Task details: Pull out every line from the listing that has the word "outdoor".

Given entries:
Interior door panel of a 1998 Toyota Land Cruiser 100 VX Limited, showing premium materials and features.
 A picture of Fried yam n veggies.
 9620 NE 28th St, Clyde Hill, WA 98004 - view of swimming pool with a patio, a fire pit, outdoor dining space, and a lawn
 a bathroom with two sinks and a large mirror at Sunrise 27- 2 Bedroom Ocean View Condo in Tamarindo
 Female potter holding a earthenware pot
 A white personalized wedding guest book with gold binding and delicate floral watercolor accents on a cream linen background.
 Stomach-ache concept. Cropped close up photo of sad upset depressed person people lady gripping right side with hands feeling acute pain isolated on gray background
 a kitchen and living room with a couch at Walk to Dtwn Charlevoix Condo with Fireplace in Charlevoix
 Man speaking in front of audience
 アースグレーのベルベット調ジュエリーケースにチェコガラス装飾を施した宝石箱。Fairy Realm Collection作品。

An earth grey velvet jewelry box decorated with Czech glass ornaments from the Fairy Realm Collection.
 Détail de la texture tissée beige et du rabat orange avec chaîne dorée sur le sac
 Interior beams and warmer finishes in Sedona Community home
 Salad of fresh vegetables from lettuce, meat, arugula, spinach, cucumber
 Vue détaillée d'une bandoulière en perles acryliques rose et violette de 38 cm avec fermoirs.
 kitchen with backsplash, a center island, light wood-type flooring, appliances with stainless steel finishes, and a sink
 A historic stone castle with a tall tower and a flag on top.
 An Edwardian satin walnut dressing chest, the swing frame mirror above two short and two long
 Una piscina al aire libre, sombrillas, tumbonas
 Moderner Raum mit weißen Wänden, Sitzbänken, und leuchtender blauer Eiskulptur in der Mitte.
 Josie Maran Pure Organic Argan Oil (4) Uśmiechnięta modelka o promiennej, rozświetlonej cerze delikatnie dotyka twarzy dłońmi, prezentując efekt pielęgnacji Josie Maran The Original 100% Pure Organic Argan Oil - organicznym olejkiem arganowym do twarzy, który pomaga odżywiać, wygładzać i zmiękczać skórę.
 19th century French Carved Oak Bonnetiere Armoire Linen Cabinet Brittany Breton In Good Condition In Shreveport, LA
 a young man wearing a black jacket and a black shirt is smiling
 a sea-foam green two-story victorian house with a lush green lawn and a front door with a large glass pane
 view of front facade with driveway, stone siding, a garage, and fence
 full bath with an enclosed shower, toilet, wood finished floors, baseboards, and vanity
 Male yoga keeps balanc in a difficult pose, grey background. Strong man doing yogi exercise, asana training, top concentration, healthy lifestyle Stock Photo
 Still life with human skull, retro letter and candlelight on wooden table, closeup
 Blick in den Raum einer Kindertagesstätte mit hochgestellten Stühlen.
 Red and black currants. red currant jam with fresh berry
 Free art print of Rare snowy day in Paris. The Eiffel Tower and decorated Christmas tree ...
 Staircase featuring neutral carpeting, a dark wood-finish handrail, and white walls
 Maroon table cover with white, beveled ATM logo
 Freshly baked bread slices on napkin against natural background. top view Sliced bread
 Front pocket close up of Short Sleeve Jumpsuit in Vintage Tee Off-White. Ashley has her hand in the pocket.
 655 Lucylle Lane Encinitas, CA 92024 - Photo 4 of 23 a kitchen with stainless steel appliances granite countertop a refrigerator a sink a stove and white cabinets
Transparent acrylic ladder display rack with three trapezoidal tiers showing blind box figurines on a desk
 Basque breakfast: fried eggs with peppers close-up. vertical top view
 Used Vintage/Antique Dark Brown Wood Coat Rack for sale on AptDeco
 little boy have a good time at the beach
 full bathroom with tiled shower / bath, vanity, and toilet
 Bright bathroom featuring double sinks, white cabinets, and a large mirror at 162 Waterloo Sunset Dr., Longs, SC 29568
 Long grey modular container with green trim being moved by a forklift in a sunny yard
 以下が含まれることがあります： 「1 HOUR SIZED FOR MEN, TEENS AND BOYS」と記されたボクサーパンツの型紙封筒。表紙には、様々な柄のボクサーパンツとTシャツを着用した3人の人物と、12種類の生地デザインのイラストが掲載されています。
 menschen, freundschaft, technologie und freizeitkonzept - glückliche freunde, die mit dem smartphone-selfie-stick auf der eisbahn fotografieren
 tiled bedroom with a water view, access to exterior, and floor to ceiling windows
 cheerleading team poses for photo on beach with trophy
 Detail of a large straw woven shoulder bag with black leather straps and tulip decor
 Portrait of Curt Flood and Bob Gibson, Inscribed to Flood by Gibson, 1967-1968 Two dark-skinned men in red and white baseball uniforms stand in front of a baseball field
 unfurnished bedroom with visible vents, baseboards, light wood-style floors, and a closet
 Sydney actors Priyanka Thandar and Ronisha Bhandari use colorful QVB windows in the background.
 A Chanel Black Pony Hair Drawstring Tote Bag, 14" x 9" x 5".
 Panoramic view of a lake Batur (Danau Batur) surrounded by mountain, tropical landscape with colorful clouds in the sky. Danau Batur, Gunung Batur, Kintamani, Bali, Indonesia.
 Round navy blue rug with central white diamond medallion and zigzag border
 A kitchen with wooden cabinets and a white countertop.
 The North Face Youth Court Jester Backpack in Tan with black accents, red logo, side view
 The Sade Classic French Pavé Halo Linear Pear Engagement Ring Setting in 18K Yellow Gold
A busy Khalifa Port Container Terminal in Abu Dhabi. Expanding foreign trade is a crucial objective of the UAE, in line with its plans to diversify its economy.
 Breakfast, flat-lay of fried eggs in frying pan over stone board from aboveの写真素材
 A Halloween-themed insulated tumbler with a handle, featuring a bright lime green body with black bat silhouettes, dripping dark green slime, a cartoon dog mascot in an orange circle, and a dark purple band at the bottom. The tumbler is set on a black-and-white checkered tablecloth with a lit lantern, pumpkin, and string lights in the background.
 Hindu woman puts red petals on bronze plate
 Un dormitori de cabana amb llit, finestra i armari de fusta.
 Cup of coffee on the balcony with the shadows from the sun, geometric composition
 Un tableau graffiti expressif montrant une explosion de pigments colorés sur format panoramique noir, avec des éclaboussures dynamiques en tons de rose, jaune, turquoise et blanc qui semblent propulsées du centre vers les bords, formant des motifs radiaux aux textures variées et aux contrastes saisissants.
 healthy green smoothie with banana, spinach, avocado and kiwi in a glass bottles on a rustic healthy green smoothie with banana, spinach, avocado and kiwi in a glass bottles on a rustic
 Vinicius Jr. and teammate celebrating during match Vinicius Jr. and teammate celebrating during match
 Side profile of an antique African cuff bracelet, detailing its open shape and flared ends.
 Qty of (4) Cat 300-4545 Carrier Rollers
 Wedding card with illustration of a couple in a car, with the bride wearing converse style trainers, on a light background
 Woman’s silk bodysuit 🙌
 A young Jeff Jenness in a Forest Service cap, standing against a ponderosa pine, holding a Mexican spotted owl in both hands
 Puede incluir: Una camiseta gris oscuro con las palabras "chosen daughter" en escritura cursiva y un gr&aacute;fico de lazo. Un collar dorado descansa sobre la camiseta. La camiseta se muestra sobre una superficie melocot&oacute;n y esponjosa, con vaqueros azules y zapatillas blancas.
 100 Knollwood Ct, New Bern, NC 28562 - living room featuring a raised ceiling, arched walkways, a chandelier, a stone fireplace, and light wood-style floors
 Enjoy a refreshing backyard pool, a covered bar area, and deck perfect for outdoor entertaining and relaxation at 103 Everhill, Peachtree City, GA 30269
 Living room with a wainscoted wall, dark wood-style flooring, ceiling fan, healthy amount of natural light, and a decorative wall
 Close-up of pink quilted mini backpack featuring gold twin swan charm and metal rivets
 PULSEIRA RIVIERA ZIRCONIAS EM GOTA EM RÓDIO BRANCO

Task output:
 9620 NE 28th St, Clyde Hill, WA 98004 - view of swimming pool with a patio, a fire pit, outdoor dining space, and a lawn
 Enjoy a refreshing backyard pool, a covered bar area, and deck perfect for outdoor entertaining and relaxation at 103 Everhill, Peachtree City, GA 30269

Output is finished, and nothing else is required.